Using the Not in Our Town Website:
- Local lessons tells the stories of community and school groups that have confronted hate and intolerance in their communities. Individually or in small groups, students can be assigned to read one of these and report back to the larger group answers to questions such as: What steps did the groups take? (Break it down as specifically as possible.) How did they work? What are the three most important things you learn from this “local lessons” example? This activity could also be organized as a jigsaw. While students present local lessons, encourage students to pay attention to themes the stories have in common as well as aspects that make each story unique. After learning about what has happened in other communities, students may be inspired to share their own local lesson. These can be presented within the class and/or posted on the Not in Our Town website.
- Mapping the movement against hate is an interactive feature that locates recent hate incidents and the locations of Not in Our Town and Not in Our School groups.

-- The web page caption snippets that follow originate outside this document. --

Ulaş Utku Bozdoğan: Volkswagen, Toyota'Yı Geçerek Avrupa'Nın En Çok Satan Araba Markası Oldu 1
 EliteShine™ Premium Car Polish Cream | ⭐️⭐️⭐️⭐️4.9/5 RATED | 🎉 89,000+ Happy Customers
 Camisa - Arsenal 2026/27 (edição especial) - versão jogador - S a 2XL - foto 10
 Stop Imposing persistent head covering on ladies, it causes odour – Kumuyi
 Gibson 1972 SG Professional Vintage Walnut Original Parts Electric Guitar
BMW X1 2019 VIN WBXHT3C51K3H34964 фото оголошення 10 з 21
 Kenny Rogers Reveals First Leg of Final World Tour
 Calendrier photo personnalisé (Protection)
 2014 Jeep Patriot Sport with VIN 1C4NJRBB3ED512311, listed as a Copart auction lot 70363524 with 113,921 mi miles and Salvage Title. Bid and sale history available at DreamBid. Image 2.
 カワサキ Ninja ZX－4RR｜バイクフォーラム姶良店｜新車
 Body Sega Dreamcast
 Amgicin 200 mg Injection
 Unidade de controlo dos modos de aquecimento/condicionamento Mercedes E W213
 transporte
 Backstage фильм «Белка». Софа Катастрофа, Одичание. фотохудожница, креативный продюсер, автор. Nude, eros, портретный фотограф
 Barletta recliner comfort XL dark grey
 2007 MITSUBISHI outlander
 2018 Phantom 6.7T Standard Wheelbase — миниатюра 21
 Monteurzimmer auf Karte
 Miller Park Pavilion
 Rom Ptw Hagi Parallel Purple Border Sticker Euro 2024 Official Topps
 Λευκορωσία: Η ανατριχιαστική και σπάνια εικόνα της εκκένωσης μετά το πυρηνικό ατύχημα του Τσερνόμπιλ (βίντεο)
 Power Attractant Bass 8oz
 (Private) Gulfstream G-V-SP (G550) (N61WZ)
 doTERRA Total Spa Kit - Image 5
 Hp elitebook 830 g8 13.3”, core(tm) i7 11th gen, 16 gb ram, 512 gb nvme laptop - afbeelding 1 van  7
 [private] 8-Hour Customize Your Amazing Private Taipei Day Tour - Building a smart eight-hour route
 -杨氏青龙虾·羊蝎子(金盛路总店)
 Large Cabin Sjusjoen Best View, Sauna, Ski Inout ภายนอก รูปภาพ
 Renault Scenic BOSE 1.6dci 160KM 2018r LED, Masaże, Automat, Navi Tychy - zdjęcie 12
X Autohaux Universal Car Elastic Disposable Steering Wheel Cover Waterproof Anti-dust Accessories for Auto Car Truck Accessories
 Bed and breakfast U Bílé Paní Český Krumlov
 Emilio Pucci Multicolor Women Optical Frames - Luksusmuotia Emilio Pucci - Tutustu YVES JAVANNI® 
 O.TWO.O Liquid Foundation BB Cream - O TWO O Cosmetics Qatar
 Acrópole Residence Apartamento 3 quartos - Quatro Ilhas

Here are some ideas on how to use this map in the classroom:
- Project the map on a screen or wall of your classroom. Give students a minute or two to record as many notes as they can about facts they observe on the map. Then give students another minute or two to create interpretations based on these observations. Ask students to share observations and related interpretations. This can be done as a wraparound or students can share this information in small groups.
- If you have access to a computer lab, give students 10-15 minutes to explore the map. You might begin with questions such as, “What do all of the people represented on this map have in common?” You could organize this as a scavenger hunt, asking students to locate different kinds of stories, i.e., a story about a university, middle or high school, a community, or an individual.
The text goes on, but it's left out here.